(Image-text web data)
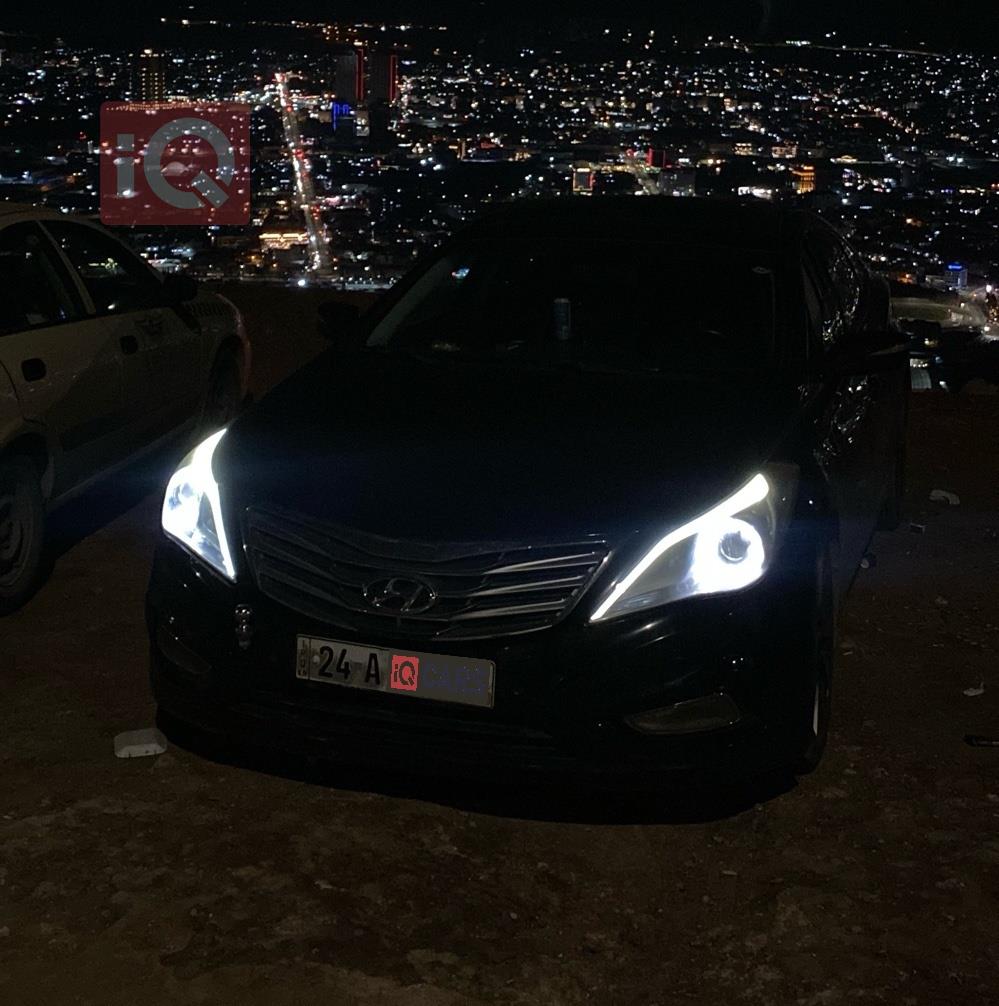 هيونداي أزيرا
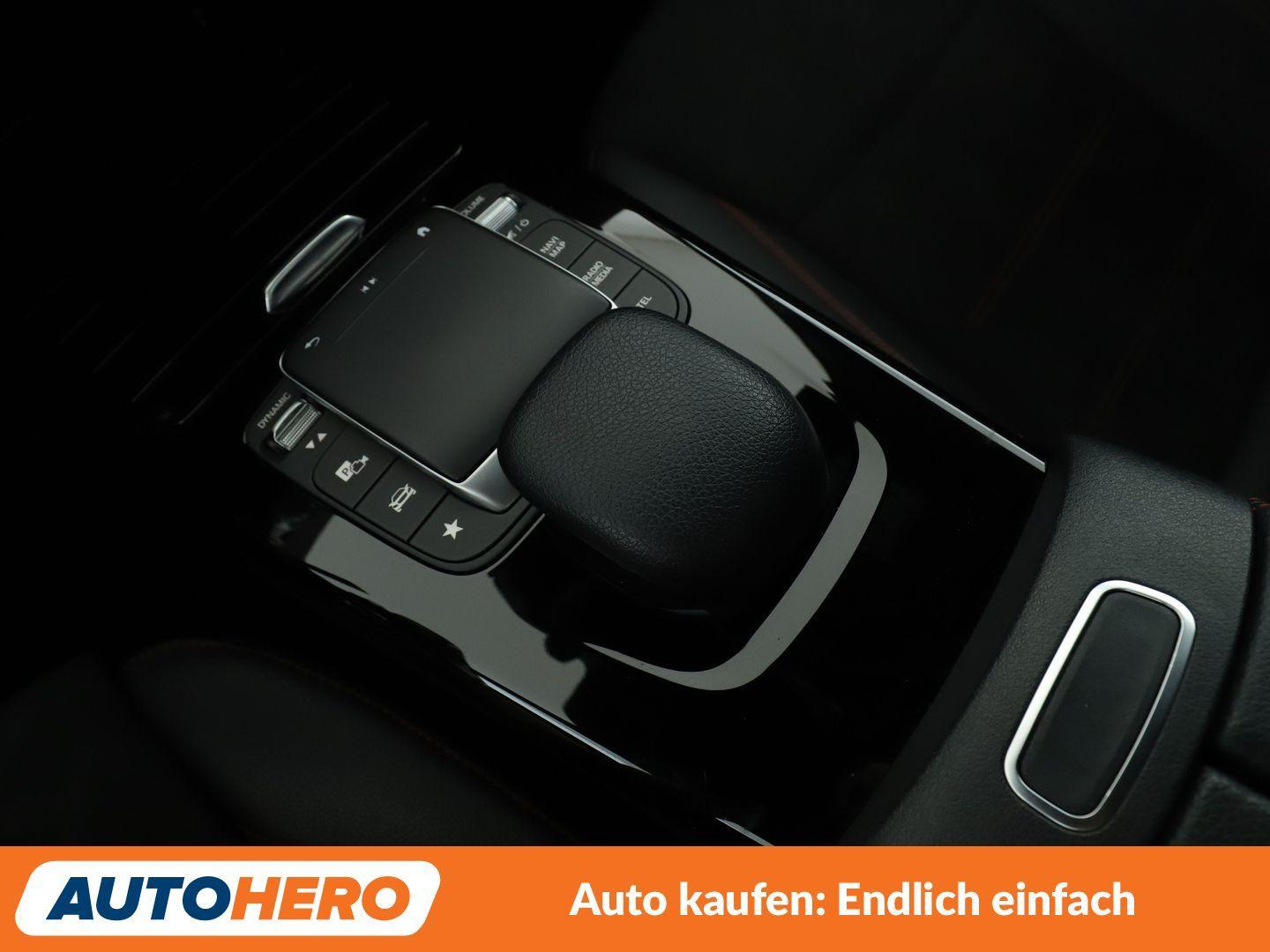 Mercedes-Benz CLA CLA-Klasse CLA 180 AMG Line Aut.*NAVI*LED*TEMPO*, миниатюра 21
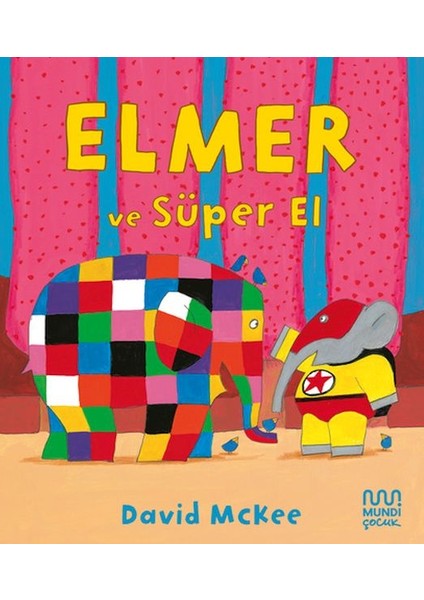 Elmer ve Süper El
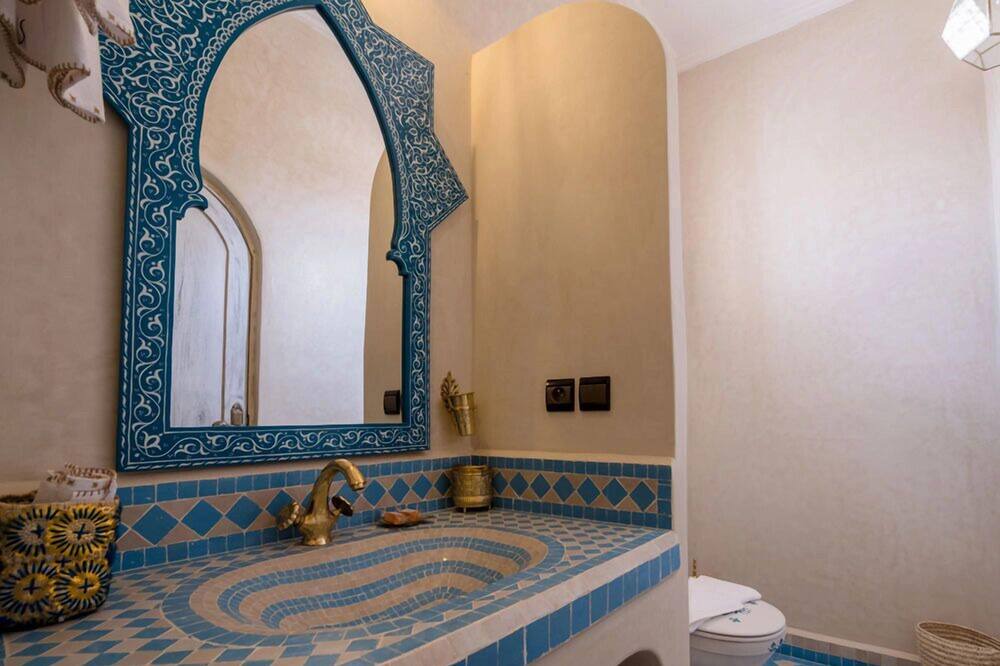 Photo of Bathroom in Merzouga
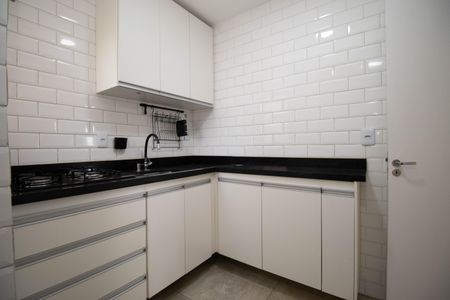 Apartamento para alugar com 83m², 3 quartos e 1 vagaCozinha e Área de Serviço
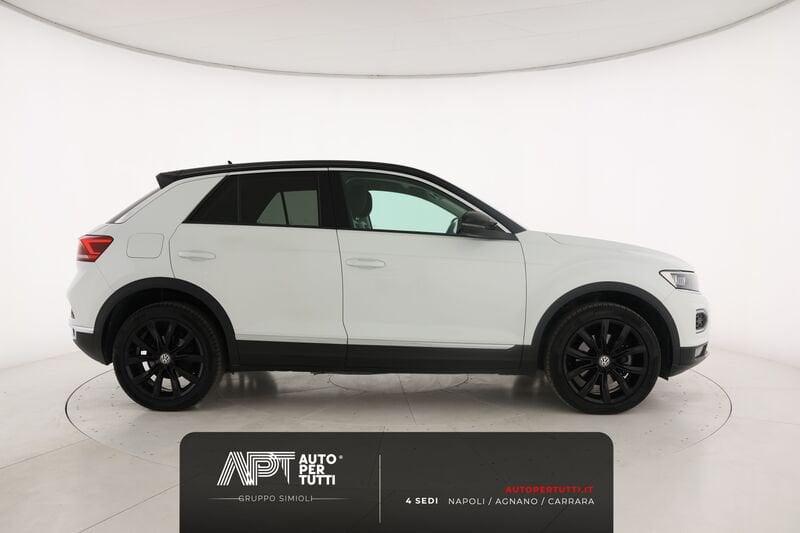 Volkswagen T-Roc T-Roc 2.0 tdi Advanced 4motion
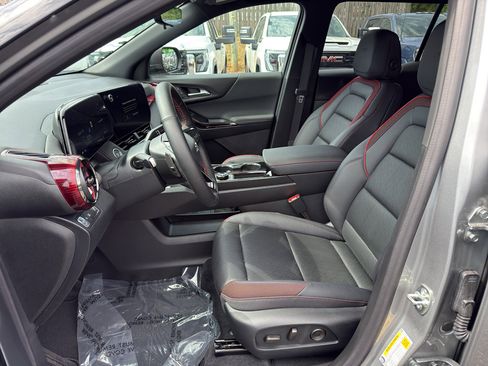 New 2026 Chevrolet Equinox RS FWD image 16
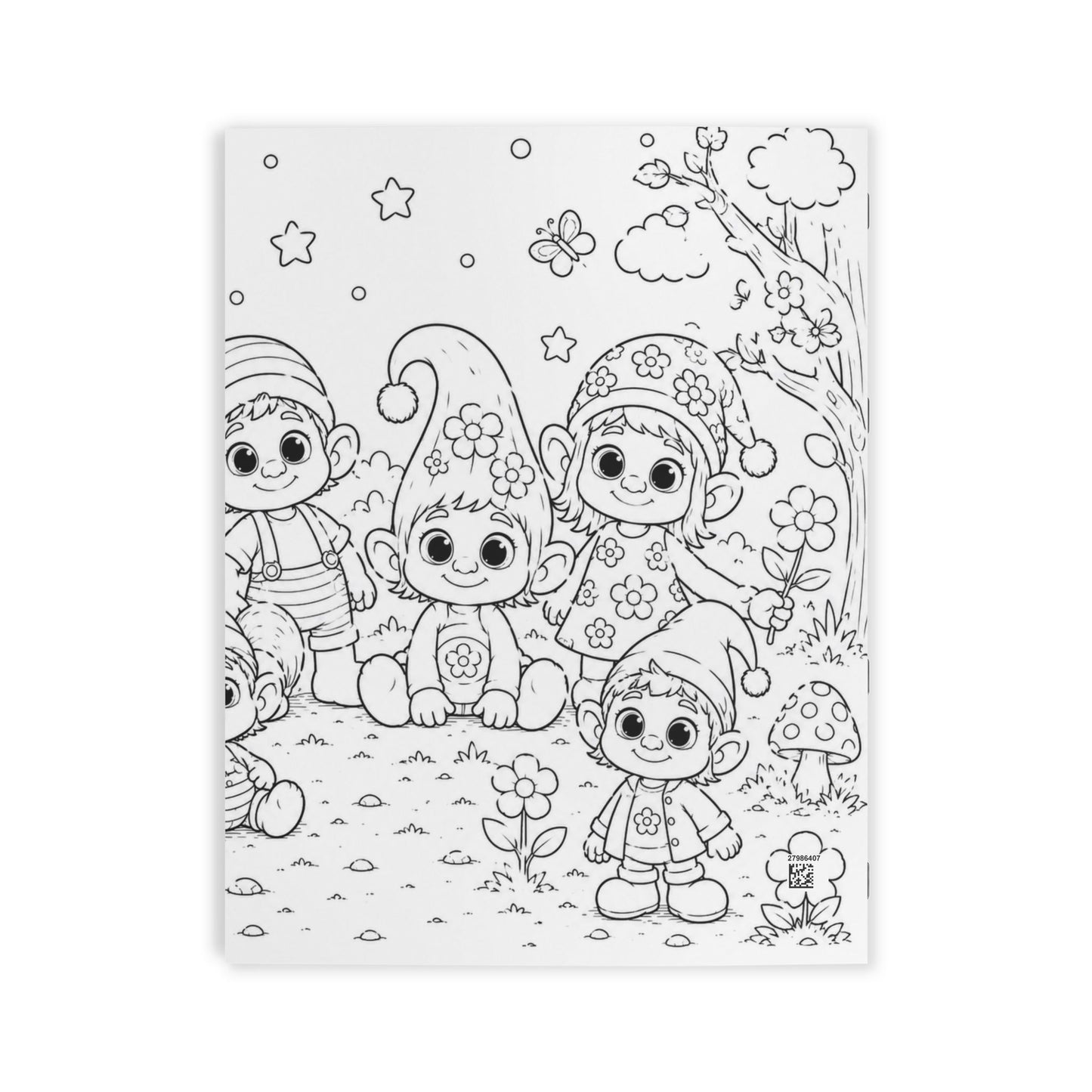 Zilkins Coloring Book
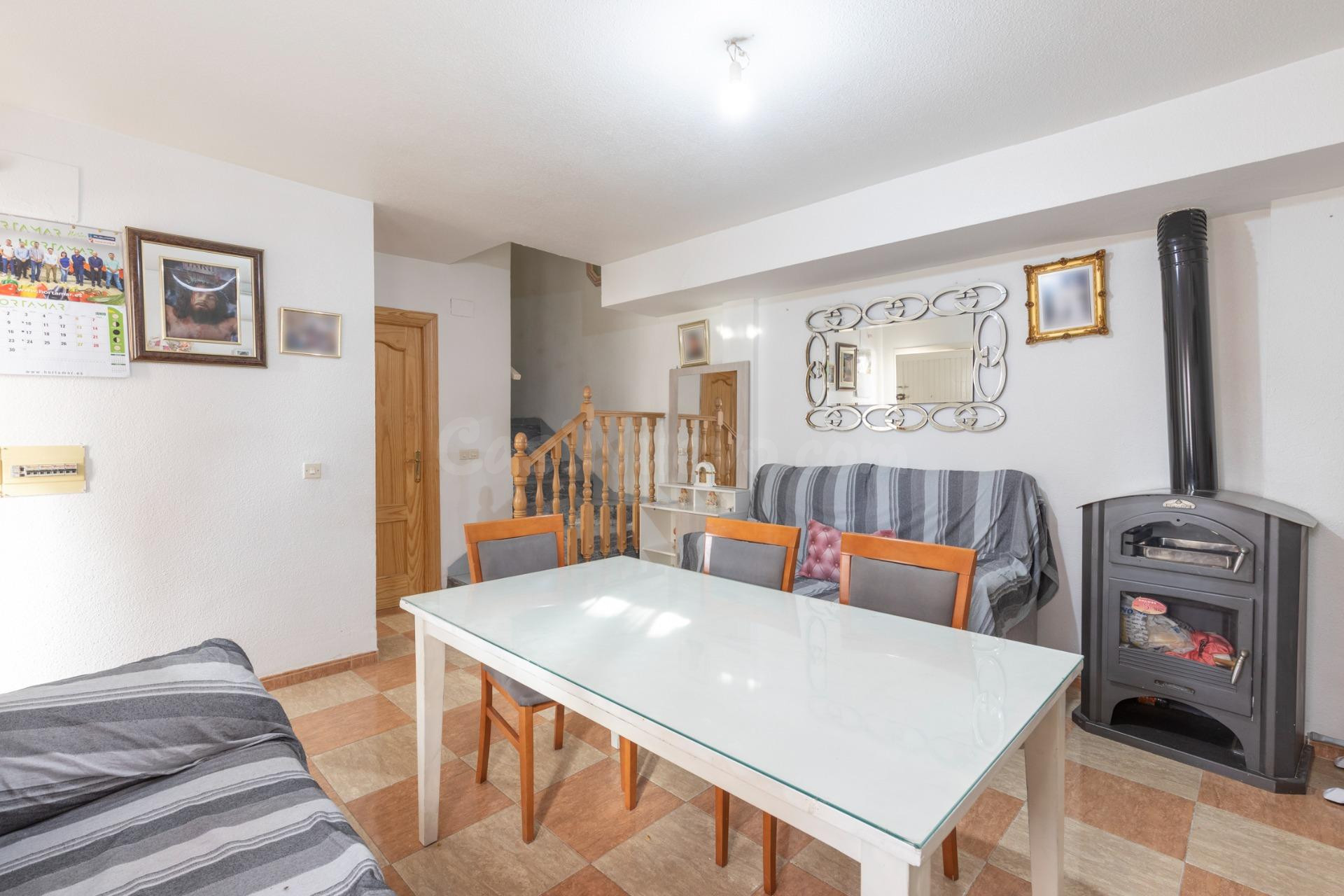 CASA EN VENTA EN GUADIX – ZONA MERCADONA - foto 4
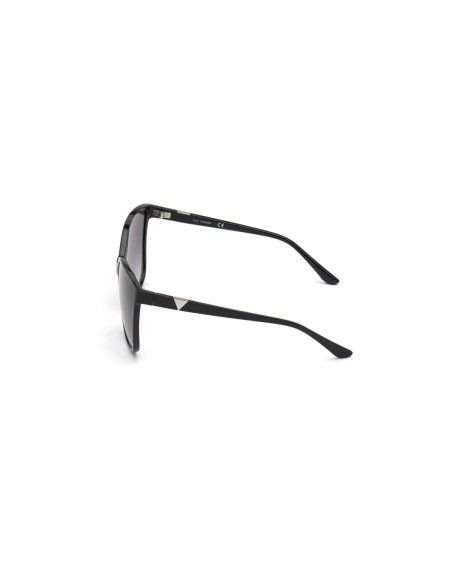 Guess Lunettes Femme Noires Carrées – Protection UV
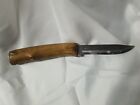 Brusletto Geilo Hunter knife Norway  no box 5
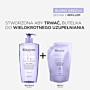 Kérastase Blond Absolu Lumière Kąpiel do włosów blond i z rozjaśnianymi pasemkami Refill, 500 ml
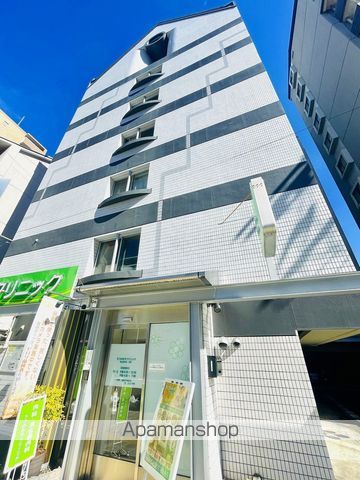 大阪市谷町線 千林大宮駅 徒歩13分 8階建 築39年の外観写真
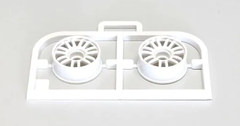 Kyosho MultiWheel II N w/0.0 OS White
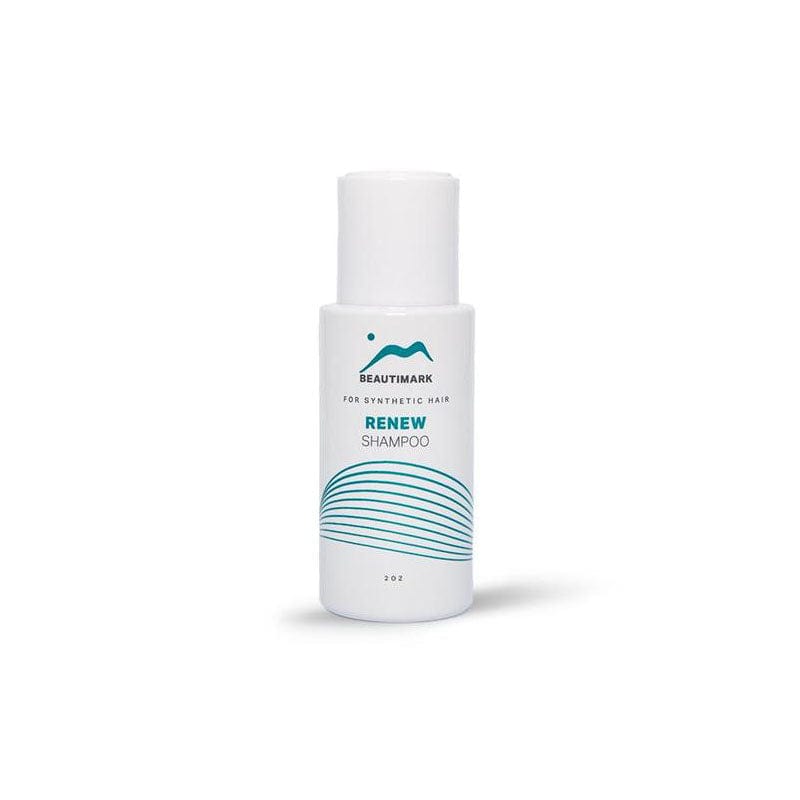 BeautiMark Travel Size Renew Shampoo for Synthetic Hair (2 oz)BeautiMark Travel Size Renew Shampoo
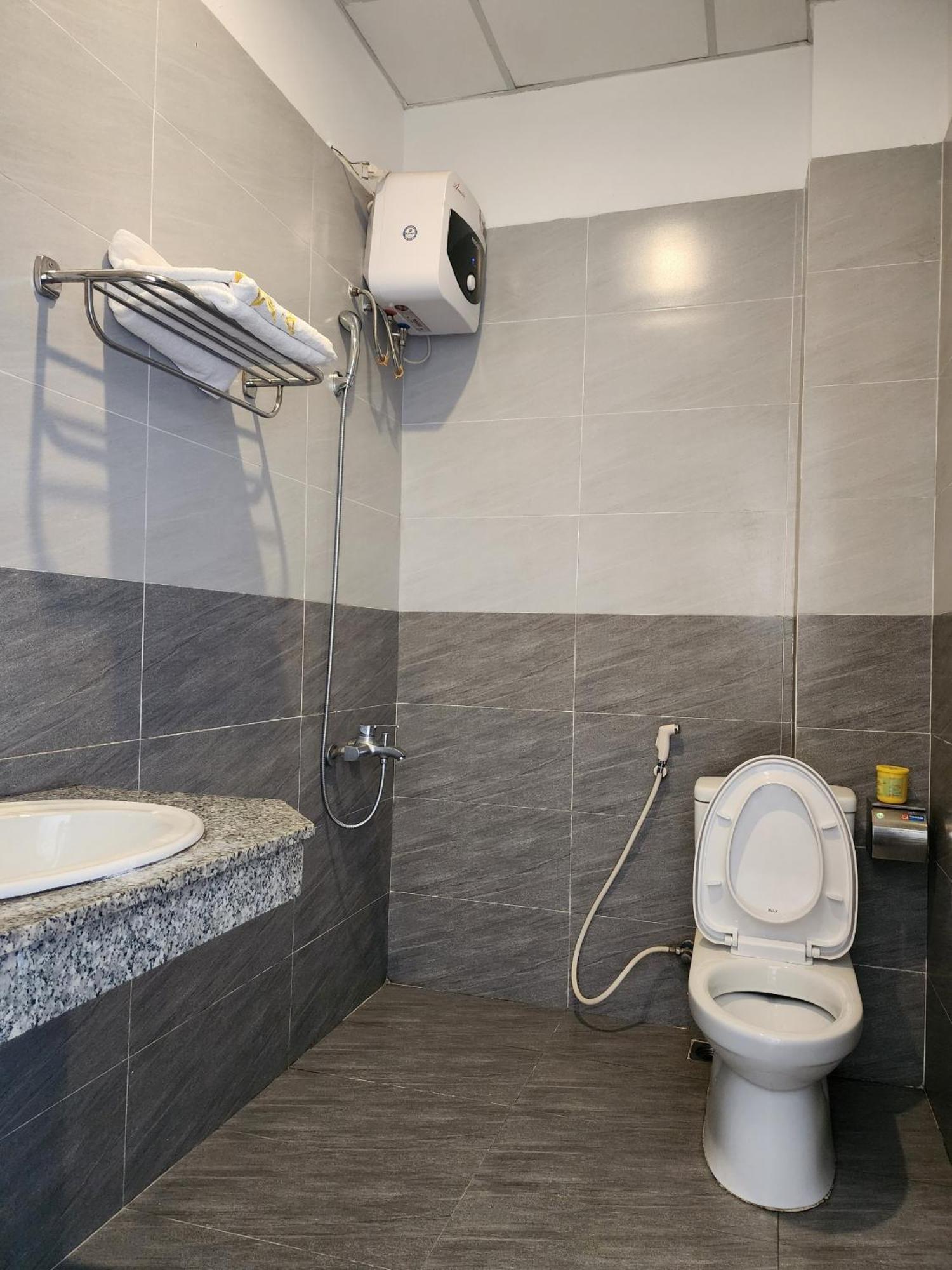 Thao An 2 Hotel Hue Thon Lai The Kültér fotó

**Assigned task**
Because only the text is wanted, copy each record above precisely and omit its pictures.

**Written solution**
 هيونداي أزيرا
 Mercedes-Benz CLA CLA-Klasse CLA 180 AMG Line Aut.*NAVI*LED*TEMPO*, миниатюра 21
 Elmer ve Süper El
 Photo of Bathroom in Merzouga
 Apartamento para alugar com 83m², 3 quartos e 1 vagaCozinha e Área de Serviço
 Volkswagen T-Roc T-Roc 2.0 tdi Advanced 4motion
 New 2026 Chevrolet Equinox RS FWD image 16
 Zilkins Coloring Book
 CASA EN VENTA EN GUADIX – ZONA MERCADONA - foto 4
 Guess Lunettes Femme Noires Carrées – Protection UV
 Brusletto Geilo Hunter knife Norway  no box 5
 Kérastase Blond Absolu Lumière Kąpiel do włosów blond i z rozjaśnianymi pasemkami Refill, 500 ml
 大阪市谷町線 千林大宮駅 徒歩13分 8階建 築39年の外観写真
 Kyosho MultiWheel II N w/0.0 OS White
 BeautiMark Travel Size Renew Shampoo for Synthetic Hair (2 oz)BeautiMark Travel Size Renew Shampoo
 Thao An 2 Hotel Hue Thon Lai The Kültér fotó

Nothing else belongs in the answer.